Eles são bons, mesmo, é na fusão perfeita dos teclados de Domi com a bateria de JD Beck. Os andamentos quebrados do jazz criam caminhos próprios para se reencontrarem algumas frases à frente, sempre em uma sintonia impressionante. Talvez ajude o fato de que a dupla toca cara a cara, com seus instrumentos se encarando. As personalidades dos artistas brotam inevitavelmente a cada interação com os fãs que, aos poucos, foram chegando para o início da noite.
Entre tiradas sarcásticas, alguns palavrões e muita alegria por estarem finalmente no país (“tem cinco anos que recebemos comentários ‘come to Brazil’, agora estamos aqui, porra!”), eles mostram um domínio do piano e da bateria associado a artistas mais experientes, porém trazendo a ousadia de uma geração que se recusa a caber no estereótipo do jazzista embotado que ocupa estes espaços há um século. Domi e JD Beck mostram que é possível levar o jazz a outros patamares, e isso passa por escolhas fashion, fusões com outros gêneros e, claro, muita personalidade.
C6 Fest no Rio: Samara Joy canta Djavan e encanta
De um palco minimalista a outro, a produção do C6 Fest montou o cenário de um espetáculo impecável. Não era preciso muito: um baixo acústico, uma bateria e um piano de cauda – além de um microfone para a grande atração que é a voz de Samara Joy.
A nova-iorquina de 23 anos surpreende porque, embora ofereça o que aparentemente será uma interpretação clássica do gênero, subverte as expectativas ao transformar o show em uma noite de contação de histórias. Samara se veste para o papel: salto agulha, vestido longo. Porém, na primeira oportunidade, vibra com os solos de seus músicos, se apoia ao piano para observá-los, conversa com o público. A sisudez que acompanha os espaços onde o jazz prospera – as casas de concerto, os teatros – se desfaz diante do sorriso de uma cantora que conhece seu potencial vocal, mas também a força que a música tem para contar histórias.
“Guess Who I Saw Today” é um dos pontos altos, em que cada frase do diálogo de uma esposa com o marido que chega em casa do trabalho ganha a entonação necessária para tornar aquela conversa irresistível. O blues “If You Don’t Like My Peaches (Then Don’t Shake My Tree)”, “Nostalgia (The Day I Knew)” e “Sweet Pumpkin” foram destaques, mas para o público brasileiro, o melhor ainda estava por vir.

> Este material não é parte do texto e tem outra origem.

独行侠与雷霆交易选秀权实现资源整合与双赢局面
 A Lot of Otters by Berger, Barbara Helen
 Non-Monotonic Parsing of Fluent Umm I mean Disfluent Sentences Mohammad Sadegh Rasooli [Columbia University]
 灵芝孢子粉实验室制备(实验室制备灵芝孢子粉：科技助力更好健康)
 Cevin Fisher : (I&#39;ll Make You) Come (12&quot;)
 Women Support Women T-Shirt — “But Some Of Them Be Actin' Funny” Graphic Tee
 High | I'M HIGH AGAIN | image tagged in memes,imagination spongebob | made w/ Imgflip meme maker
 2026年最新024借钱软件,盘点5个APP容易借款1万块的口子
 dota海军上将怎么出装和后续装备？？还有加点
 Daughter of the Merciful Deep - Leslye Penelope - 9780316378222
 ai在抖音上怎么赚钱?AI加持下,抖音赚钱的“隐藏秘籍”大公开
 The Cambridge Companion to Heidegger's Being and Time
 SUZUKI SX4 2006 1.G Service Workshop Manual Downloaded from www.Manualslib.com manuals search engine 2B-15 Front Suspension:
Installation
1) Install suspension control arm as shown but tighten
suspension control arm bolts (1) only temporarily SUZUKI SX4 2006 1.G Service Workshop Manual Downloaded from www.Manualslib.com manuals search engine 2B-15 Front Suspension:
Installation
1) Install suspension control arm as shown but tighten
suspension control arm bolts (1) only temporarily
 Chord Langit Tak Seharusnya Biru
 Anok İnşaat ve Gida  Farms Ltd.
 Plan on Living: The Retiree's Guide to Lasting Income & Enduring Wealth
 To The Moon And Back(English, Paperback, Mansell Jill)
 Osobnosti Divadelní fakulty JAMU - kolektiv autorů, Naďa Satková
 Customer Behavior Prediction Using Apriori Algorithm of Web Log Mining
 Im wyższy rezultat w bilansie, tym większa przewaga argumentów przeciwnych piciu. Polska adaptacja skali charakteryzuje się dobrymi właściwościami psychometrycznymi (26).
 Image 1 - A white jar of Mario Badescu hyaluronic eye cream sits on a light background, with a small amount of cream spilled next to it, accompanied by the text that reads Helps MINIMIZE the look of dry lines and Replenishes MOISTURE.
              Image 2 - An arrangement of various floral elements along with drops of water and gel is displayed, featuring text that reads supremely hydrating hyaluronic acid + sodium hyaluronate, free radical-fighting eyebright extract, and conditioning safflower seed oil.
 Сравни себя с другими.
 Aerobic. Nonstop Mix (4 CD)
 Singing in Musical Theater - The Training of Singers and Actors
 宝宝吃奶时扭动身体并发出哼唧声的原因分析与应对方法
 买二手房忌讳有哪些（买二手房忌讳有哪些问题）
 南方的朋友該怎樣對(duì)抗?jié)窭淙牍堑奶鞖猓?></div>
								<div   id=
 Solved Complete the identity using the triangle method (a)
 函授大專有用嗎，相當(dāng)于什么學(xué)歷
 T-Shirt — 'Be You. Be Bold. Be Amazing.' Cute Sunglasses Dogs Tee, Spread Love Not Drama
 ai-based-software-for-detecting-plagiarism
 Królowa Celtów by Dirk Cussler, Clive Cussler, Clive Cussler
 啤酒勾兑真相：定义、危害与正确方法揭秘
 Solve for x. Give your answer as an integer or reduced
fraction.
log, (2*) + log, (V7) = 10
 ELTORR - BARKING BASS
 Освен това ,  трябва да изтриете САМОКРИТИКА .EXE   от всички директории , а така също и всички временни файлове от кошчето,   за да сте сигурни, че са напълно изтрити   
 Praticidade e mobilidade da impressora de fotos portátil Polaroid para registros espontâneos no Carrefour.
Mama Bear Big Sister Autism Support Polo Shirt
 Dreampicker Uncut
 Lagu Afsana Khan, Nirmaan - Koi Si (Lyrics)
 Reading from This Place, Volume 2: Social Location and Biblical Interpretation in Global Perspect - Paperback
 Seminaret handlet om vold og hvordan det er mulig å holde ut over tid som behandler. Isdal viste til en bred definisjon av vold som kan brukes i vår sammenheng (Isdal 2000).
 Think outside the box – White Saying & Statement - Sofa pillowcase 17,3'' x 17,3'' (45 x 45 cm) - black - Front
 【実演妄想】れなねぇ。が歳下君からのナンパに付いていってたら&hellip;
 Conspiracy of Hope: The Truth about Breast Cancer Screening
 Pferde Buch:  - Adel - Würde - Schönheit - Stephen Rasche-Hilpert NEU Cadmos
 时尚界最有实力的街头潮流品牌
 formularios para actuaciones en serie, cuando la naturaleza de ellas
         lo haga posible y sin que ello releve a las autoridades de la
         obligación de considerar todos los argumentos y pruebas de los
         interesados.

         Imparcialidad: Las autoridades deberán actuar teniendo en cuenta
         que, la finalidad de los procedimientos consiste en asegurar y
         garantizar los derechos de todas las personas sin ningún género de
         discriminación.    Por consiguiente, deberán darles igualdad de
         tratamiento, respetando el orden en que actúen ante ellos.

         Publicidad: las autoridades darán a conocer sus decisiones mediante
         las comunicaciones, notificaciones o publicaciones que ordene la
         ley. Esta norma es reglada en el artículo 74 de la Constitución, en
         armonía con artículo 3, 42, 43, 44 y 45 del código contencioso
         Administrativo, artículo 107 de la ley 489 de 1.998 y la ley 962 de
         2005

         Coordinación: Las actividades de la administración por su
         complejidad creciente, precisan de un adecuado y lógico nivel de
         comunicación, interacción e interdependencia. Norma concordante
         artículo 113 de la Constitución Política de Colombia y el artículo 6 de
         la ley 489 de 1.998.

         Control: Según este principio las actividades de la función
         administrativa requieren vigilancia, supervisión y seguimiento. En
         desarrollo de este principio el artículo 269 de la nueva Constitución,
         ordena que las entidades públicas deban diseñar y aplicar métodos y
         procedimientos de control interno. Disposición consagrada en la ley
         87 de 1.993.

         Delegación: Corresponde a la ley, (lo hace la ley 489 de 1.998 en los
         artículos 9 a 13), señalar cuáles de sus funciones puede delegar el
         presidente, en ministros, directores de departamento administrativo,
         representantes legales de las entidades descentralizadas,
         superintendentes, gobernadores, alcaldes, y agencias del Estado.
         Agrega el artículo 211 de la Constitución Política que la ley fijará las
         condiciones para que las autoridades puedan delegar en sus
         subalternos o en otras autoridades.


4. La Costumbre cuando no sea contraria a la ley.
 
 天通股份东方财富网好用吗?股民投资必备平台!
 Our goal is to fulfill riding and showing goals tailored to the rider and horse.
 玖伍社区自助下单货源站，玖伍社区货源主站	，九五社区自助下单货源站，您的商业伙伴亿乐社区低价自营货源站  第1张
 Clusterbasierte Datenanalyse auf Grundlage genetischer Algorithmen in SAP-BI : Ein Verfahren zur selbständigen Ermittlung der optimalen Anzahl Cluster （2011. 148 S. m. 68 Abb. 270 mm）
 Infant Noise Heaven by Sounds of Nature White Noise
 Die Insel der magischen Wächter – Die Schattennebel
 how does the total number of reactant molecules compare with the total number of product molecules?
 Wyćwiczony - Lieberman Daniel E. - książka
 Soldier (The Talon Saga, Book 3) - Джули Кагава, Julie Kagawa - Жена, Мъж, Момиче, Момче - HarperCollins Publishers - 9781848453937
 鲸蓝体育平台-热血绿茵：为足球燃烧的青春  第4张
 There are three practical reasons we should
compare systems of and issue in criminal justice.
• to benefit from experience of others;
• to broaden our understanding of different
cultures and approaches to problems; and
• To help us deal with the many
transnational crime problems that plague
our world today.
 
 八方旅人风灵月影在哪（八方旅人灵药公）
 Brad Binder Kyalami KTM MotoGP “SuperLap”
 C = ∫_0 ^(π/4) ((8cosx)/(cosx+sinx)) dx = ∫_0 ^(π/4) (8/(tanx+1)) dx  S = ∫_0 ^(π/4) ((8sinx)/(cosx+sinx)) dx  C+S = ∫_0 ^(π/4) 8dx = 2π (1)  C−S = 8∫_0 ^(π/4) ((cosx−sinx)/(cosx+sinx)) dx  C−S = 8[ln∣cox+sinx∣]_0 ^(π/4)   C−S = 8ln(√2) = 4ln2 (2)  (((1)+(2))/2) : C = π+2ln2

Uma das primeiras canções da noite foi “Chega de Saudade”, em um aceno à bossa nova que tanto compartilha com o jazz. Lá pelo meio do repertório, “Flor de Lis” faz o público cantar alto o sucesso de Djavan – em entrevista ao TMDQA!, Samara revelou que já conhecia a sonoridade do cantor antes de viajar ao Brasil. Ela não só interpretou canções em Português cristalino, como apresentou toda a sua banda e disse amar o país, em frases cuidadosamente estudadas.
Ao sair do palco ovacionada, Samara Joy deixou o público clamando por um bis que não poderia vir. Afinal, o verdadeiro desafio na troca de palcos viria a seguir.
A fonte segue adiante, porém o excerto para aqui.